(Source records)
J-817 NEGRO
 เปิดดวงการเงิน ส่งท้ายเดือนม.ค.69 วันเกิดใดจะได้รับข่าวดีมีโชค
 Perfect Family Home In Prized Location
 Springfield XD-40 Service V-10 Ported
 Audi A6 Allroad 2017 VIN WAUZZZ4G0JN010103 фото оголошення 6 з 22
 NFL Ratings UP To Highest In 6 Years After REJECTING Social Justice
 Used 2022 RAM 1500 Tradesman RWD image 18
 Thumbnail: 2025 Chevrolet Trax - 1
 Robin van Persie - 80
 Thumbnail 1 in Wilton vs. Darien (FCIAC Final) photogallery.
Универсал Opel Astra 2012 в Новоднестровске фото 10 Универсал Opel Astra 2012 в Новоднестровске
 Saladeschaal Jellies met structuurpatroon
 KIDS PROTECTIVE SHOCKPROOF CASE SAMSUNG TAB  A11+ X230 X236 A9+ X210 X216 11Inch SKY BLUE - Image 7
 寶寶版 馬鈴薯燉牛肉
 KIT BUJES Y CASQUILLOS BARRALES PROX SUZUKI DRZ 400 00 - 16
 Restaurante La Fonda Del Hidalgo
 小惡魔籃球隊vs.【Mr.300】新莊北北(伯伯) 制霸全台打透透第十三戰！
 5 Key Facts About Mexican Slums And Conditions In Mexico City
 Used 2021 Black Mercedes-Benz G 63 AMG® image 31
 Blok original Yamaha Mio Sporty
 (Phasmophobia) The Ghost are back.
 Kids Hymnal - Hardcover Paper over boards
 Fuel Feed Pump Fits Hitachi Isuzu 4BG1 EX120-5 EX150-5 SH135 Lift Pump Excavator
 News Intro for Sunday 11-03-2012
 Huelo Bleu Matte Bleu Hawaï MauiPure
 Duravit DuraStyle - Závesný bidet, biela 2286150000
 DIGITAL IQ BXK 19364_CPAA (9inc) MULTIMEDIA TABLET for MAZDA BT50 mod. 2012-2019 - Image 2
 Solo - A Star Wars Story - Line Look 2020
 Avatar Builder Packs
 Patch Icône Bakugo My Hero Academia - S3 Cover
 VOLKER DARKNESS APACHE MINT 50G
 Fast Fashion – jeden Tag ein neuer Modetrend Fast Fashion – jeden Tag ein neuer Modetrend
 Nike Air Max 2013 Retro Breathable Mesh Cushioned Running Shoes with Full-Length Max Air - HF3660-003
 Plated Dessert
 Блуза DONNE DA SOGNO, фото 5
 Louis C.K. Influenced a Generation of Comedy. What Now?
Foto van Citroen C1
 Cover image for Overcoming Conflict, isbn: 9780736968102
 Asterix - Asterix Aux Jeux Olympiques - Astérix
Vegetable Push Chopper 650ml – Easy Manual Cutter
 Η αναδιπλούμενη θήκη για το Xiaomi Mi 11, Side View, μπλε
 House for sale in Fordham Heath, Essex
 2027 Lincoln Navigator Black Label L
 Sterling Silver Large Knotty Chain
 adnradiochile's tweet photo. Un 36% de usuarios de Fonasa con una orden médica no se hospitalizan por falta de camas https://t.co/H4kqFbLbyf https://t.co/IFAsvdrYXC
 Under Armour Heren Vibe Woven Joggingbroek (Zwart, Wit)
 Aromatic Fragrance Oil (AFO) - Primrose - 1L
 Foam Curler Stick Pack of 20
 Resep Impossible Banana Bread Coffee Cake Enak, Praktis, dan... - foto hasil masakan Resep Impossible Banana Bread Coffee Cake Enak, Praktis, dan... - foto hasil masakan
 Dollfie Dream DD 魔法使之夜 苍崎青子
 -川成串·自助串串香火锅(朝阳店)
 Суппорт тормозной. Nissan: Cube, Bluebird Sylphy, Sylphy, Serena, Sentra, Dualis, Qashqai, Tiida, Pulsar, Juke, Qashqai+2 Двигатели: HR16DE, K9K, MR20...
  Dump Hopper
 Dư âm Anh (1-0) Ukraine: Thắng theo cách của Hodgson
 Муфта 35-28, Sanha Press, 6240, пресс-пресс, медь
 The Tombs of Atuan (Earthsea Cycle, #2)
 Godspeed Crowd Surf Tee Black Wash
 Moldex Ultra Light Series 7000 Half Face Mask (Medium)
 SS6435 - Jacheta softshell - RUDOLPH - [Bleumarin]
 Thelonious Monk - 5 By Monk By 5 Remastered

Work instructions » Nothing but the lines from the line containing "Moldex Ultra Light" through the final line of the entries should appear in your answer, copied exactly.

Task output »
 Moldex Ultra Light Series 7000 Half Face Mask (Medium)
 SS6435 - Jacheta softshell - RUDOLPH - [Bleumarin]
 Thelonious Monk - 5 By Monk By 5 Remastered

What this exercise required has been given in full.